Exercise prompt: Repeat exactly the lines from the start of the entries below through the line containing "The Age Of Innocence: Romantic". Omit the rest.

[Dataset items]
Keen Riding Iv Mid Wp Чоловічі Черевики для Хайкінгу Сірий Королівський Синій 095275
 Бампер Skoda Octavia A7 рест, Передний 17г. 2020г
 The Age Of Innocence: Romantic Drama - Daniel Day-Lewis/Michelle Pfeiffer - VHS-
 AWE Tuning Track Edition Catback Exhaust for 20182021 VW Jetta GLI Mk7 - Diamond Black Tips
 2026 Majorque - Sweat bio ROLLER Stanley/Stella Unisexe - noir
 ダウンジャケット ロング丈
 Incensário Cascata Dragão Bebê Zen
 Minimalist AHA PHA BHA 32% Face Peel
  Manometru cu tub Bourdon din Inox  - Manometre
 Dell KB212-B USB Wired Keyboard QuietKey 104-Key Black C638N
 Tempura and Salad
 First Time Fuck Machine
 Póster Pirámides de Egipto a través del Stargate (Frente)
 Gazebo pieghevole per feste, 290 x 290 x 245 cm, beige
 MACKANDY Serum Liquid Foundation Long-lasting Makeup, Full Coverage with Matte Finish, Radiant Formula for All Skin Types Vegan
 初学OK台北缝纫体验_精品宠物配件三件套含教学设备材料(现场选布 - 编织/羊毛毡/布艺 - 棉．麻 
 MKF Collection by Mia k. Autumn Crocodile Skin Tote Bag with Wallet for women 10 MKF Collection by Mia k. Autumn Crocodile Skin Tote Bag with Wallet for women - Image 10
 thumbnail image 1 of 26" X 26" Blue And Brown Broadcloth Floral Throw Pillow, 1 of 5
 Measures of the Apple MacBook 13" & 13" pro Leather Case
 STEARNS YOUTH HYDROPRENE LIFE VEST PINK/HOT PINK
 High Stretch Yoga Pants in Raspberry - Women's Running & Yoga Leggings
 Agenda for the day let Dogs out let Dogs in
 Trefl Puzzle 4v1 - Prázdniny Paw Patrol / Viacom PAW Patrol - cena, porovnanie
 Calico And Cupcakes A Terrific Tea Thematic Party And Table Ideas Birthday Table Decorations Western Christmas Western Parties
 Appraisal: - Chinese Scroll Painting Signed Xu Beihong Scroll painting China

Exercise result:
Keen Riding Iv Mid Wp Чоловічі Черевики для Хайкінгу Сірий Королівський Синій 095275
 Бампер Skoda Octavia A7 рест, Передний 17г. 2020г
 The Age Of Innocence: Romantic Drama - Daniel Day-Lewis/Michelle Pfeiffer - VHS-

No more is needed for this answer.